孔翔宇心中微跳,他喘息一阵,伸手瞎摸了一圈。

    湍湍溪水微暖,仅仅只到他的脚踝,应该是在一条小溪里。他又伸手摸了摸自己的眼睛,长睫微颤,也有触觉,却偏偏什么也看不清楚,只能分辨一些光影。

    “小山哥哥,你怎么了?是不是很疼啊?”

    孔翔宇嘴唇微颤着,问道:“你叫我什么?”

    还未等孩子答应,便听左侧有人冲他喊道:“喂,鹿瞎子,原来你还活着啊,我还以为你死了呢。”

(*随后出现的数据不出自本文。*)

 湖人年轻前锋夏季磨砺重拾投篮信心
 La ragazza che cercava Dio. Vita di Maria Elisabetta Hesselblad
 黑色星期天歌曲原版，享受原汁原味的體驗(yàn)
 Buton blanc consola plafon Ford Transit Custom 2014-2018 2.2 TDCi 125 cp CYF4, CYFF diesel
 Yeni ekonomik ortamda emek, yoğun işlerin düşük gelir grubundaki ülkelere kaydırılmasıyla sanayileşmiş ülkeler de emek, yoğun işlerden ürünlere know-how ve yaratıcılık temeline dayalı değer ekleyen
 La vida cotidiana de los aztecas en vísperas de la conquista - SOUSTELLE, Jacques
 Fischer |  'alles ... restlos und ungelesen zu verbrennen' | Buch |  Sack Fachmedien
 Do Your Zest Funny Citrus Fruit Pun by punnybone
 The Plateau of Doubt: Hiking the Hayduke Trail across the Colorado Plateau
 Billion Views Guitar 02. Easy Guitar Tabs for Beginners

    说罢,那冲他说话的人,周围响起一片哄笑声,好像不止一个人。

    先前叫他哥哥的小孩跑到孔翔宇身前,两手臂一展,没好气的骂道:“又是你们,我哥哥哪儿惹你们了!你们要是在欺负他,我就去报官!”

    “报官?哈哈哈……你们有钱上公堂写状纸吗?”

    “就是啊,穷得饭都快吃不起了,还想着报官。”

    说罢又是一阵哄笑。

    噗通!

    不知是谁冲孔翔宇扔了块石头,他眼神不好,石块直接砸在了额头上。说不上有多疼,可还是被砸破了皮。

    “你们干什么!”

    护着他的孩子转身一把将孔翔宇抱住,孔翔宇抬手摸了摸,大概是个六岁左右的个头。

    那几个作孽叫嚣的少年手举着掌心般大小的石头,几下跳到小溪里,一副要来教训孔翔宇的模样。

    其中一个少年忽然戏谑道:“这死瞎子平日里就阴森森的,我看稍微打两下得了,别玩过头。”

    带头的少年笑道:“怎么?我还就打他了,有本事让他老子从地里爬出来啊。”

    “你们都在做什么!”一道男子雄厚的声音从右侧传来,有些耳熟。

    孔翔宇侧头看去,什么也看不清,只能看到一个男子高大的模糊身影。听声音,应该约莫是个中年人。

    “快走!鹿瞎子他二老子来了!”

    先前叫嚣的人看到中年男子,立马丢了手里的石块,转身便跑。

    见人都跑完了,中年男子才回头将孔翔宇扶起,关切道:“小山,他们又欺负你了?你跟冯叔叔说,叔叔帮你去教训他们。”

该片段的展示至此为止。